Chinese law prohibits the registration of two-dimensional (2D) design patents that mainly serve as indicators of origin. However, a pattern that helps consumers to distinguish the goods while also having a strong ornamental effect is patentable. Therefore, packaging containing trademarks can be registered as a design patent, provided that it cannot be considered to be mainly an indicator of origin.
The novelty of designs must be absolute, and the use or publication of a design anywhere in the world will destroy its patentability in China. As a consequence, it is imperative to plan ahead and take this into account from the beginning of the filing strategy. This is underlined by the absence of a grace period in the Chinese design patent regime (China has only a limited six-month grace period for statutory defined non-prejudicial disclosures), and differs from the registered Community design regime, where an application can be validly filed within a 12-month period starting from the first marketing of the product.
As such, 2D (patterns) and 3D (shapes, or shapes and patterns) elements of packaging may thus be protected by Chinese design patents. In a March 25 2013 decision, Beauty Cosmetics v Mr Niu, the Shanghai Number 2 Intermediate Court found that containers of facial masks were similar to a patented design owned by Beauty Cosmetics. After assessing the overall visual effects of the packaging at stake, the court decided that the front view of the packaging (ie, that presented to potential consumers) bore a high similarity to that of the design patented package and fell within its scope. The court concluded that the design patent had been infringed and granted injunctive relief and (limited) damages.
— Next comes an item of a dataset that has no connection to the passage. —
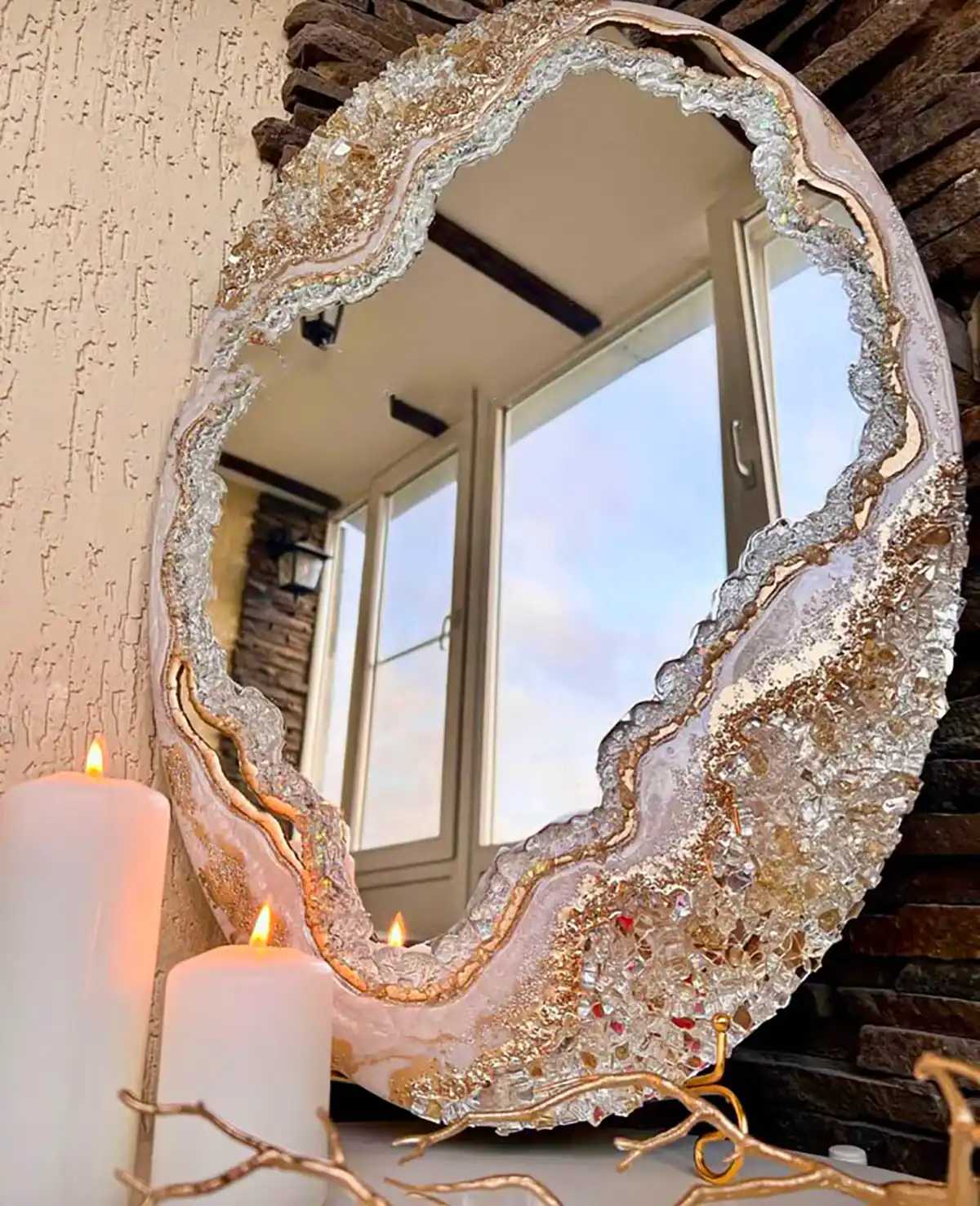 آینه دیواری رزین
This case confirms that Chinese design patents can be a useful addition to trademarks when it comes to protecting packaging. Since protection for 3D trademarks can be difficult to obtain, a workable strategy can register the 3D packaging shape as a design patent (which is easy, quick and cheap) first in order to obtain exclusive rights for 10 years, during which trademark distinctiveness can be acquired. If successful, this allows the rights holder to obtain exclusive rights from the start, followed by potential perpetual protection once trademark rights take over upon the expiration of the design right.
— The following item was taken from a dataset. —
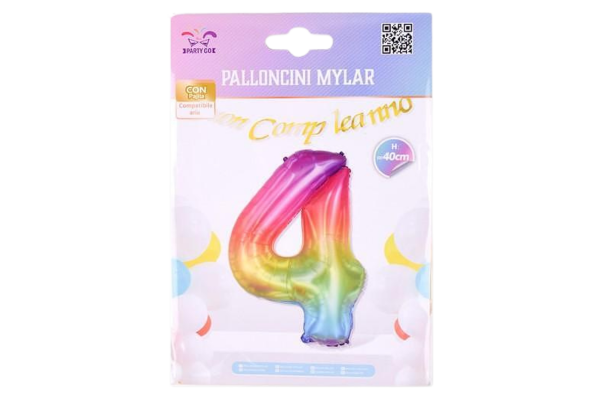 partygo фолиев балон с цифра 4, размер 40см,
Protecting packaging through copyright law
Copyright is an interesting tool for protecting exclusive rights in packaging. The object of protection is broad and can cover several features, such as drawings, photographs, original shapes, logos, labels, ornamental features or works of applied art or fine art (ie, 2 or 3D visual works that communicate a certain aesthetic effect). The term of protection is lengthy (generally 50 years from the date of creation), confusion need not be demonstrated to prove infringement and protection is automatic and not limited by territory. Indeed, as China is a signatory to the Berne Convention, any original feature of packaging will be protected upon its creation, even if it is created outside China.
China has established a voluntary registration mechanism through the National Copyright Administration, which grants prima facie evidence of ownership and the date of creation. A registration certificate is required by courts or administrative agencies if they are asked to enforce copyright, so registration is recommended and proactivity is a prerequisite.
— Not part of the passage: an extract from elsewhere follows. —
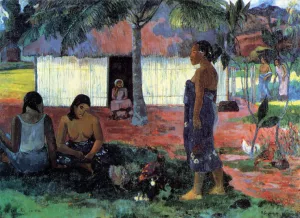 No Te Aha Oe Riri also known as Why Are You Angry painting by Paul Gauguin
Copyright protection for packaging delivers results, as evidenced by a January 18 2011 decision of the Nanning Qingqiu District People’s Court. The court decided that the copyright covering moon cake packaging owned by Wise-plan Co Ltd – a company specialising in the creation of food packaging – was infringed by Wharton Restaurant Co Ltd (to which Wise-plan had sent some samples). Wharton had commercialised moon cakes wrapped in similar containers and was sued for copyright infringement. After carefully analysing both the similarities and differences, the court found that many similar elements were present in the packaging of both products, and that the few differences were minor and not discernable to a normal observer. Hence, the packaging was considered substantially similar and Wise-plan’s copyright was found to have been infringed. Injunctive relief and monetary damages were awarded.
Protecting packaging through the Anti-unfair Competition Law
The Chinese regulations on unfair competition define ‘packaging’ as “an auxiliary object or a container for a commodity making the commodity easy to identify, carried about, stored and transported”. The fact that the identification function is specified is significant.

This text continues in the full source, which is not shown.